2016-05-19 21:35:42 | 日記
 毎度!ねずみだ。

 出来の悪い部下がいる。

 などと書くとよくある話だと一蹴されそうだが、もうなんと言うかそのダメさが半端ではない。

 何度同じミスを犯して何度怒られても改善できない。数かずのダメなヤツを見てきたが、彼はダントツでダメ。
 笑うしかない位ダメ。その上姑息で卑怯。仕事が出来ないのはなんとか我慢できるが(いや、やはり我慢できない。)、人間として心根が腐っているのだ。会社に入ってから初めて声が枯れるまで部下を叱った。いや、叱ったのではなく怒った。

 前任者から引継ぐ際に「こいつは本当にダメなので注意してください。」という言葉があった。その時は「大丈夫です。私が教育してなんとか一人前にしてみせますよあっはっは。」と言い切ってから2年あまり。
 漫画やテレビドラマでダメ社員が出てくると、「いや、さすがにこんな酷いヤツはいないだろう!」と突っ込むが、彼のダメっぷりはそんなの比ではない。多分脳みその作りが我々と違っているのだろうが、ギネスブックに載るようなダメ加減である。彼のミスを列挙すると万里の長城は最初から最後まで埋め尽くされてしまうくらいだ。

 周囲からも「彼を押し付けられて御愁傷様。」と言われている。

 彼にも老いた両親がいて、なんとか一人前の姿を見せてやるのが親孝行だよ、という話をよくするのだが、その時は神妙な顔で聞いているのだが、翌日になるとケロリと忘れているらしく同じミスをする。
 なぜ同じミスをするのか問い詰めても、その度に他人のせいにしてみたり、システムのせいにしてみたり、要は自分をとりまく環境のせいにしているのである。
 周囲はそんなヤツはさっさと異動させてしまえば良いと思うだろうが、いかんせん悪評が知れ渡っているので引き取り手がない。上長も含め、周囲は「引き取り手がいない以上、死ぬまで面倒に見てやれよ。」と笑うばかりである。あちこち回されてきて流れ着いたのがウチの部署なのだ。

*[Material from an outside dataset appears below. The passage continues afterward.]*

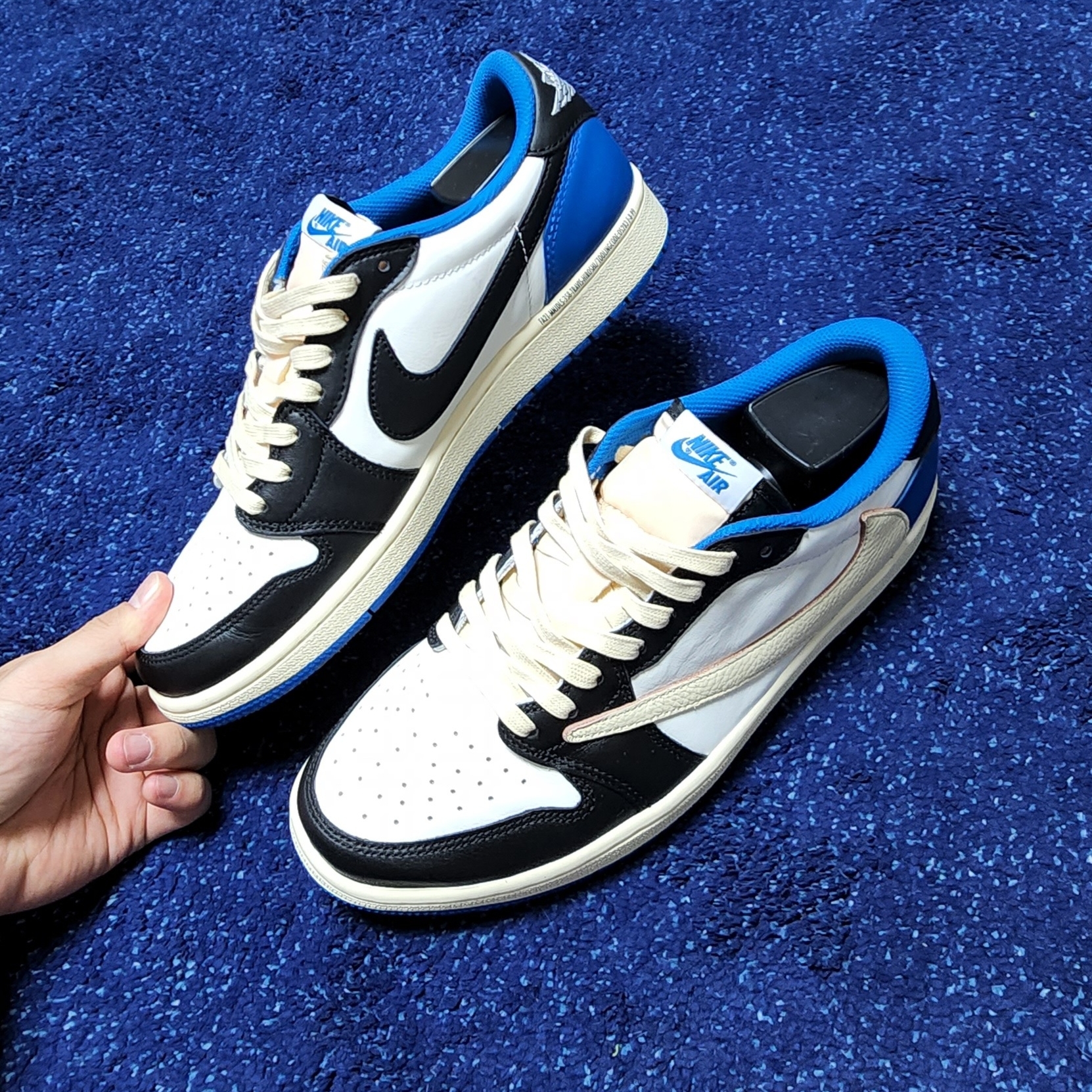 Jordan 1 x Travis Scott x Fragment Retro Low OG SP Military Blue 착용 스타일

 何かのきっかけでやる気スイッチが入ればと思い、じっと待ち続けている毎日である。いつの日かスイッチが入るのだろうか。いやその前にスイッチがあるのだろうか。私の中では、諦めている自分となんとかしてやりたいと思う自分が毎日のように喧嘩している。今まで出来の悪い部下を独り立ちさせてきたのだから今回もなんとかしてやりたいような、投げ出したいような。

 もしかしたら何かの罰ゲームなのだろうか、と思う。

 ぢっと手を見る。


<684>

2016-05-18 20:25:42 | 日記

 毎度!ねずみだ。

 先日iPhone用にキーボードを購入した、という話を書いた。
 酒場で友人に執拗に購入を勧めたが、買った友人の評価はイマイチだった。ええい、分からん奴には何を言っても分かるまい。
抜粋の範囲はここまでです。